El primer paso hacia la muerte del individuo lo constituye en muchos casos la jubilación. A la muerte laboral le sigue la muerte familiar, ya que miles de ancianos se ven obligados a vivir en residencias geriátricas. La sociedad actual dificulta que sus mayores puedan habitar y convivir en el seno de la familia nuclear. Los achaques, la enfermedad o la invalidez aumentan progresivamente y aproximan la muerte biológica hasta que el anciano se contempla a sí mismo sin ninguna ilusión por continuar vivo. No es de extrañar que en tal situación muchos pidan la eutanasia. Sin embargo, cabe preguntarse ¿la pedirían si vivieran de otra manera? ¿exigirían morir si no tuvieran que depender de los demás? ¿solicitarían que se les matara si no estuvieran tan solos y apartados del mundo de los vivos? Es muy probable que no pensaran en la muerte si se les tratara de otra manera.
Existen además otros factores que favorecen la creciente tendencia actual hacia la eutanasia. El secularismo cierra a cal y canto la puerta hacia la trascendenciahaciéndole creer al hombre que no hay más vida que la presente y que todos los posibles mundos sólo pueden encontrarse en éste. Esto implica una profunda crisis de valores que hace entender la vida humana únicamente en función del placer o el bienestar que se posee. La enfermedad y la muerte resultan, por tanto, carentes de sentido, estériles y absurdas porque truncan las únicas expectativas que se tienen en la vida.

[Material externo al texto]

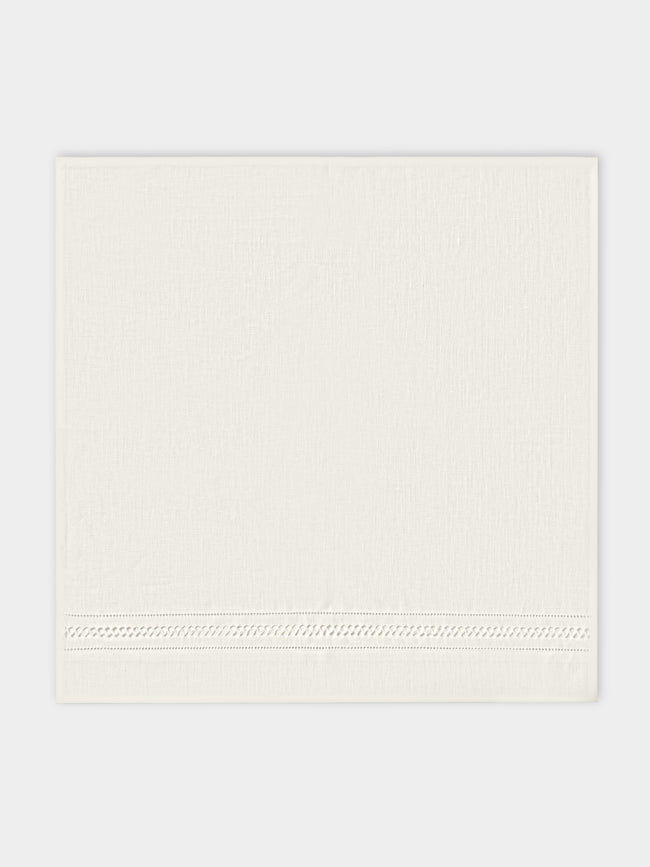 Volga Linen - Diamond-Stitch Linen Napkins (Set of 6) - White - ABASK - 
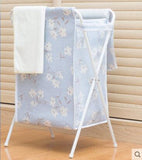 Fabric folding laundry basket with cover dirty clothes bag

Frente a esta triste realidad
se echa mano de la autonomía del individuo y de la sacrosanta libertad para afirmar que todo paciente tiene derecho a disponer de su propia vida si así lo desea. La muerte se convierte entonces en una “liberación reivindicada”, en la última amiga capaz de rescatar al hombre del sinsentido del sufrimiento.
Si Dios no existe, mejor la nada que el dolor de vivir. Es el individualismo ateo y hedonista el principal responsable del retorno a la eutanasia. Pero también el relativismo de considerar que “mi vida es mía y hago con ella lo que me da la gana”, que en el fondo no es más que una declaración de independencia del Creador. Un deseo por derrocar al verdadero Dios del trono de la propia vida y colocar en su lugar otros falsos dioses ansiosos por decidir sobre la vida y la muerte.
Si a todo esto se suman las concepciones biologistas y evolucionistas que no aciertan a ver diferencias cualitativas entre la vida humana y la de los animales, resulta que la acción de matar se entiende como una salida éticamente digna.“Si el ser humano es solamente el animal más desarrollado de la escala filogenética, entonces no hay mucha diferencia entre sacrificar un caballo con peste equina, un gato con leucemia o un anciano con enfermedad de Alzheimer” (Wickham & Martínez,
La eutanasia: un enfoque cristiano, AEE, Barcelona, 1997: 39).
De la eliminación arbitraria de embriones o fetos humanos se pasa fácilmente a la eutanasia activa, dejándose llevar por la inercia postmoderna de ese tobogán característico que es la cultura de la muerte.
No obstante, esta escala de valores que se predica hoy choca frontalmente, como veremos, contra la antropología cristiana y los valores del Evangelio.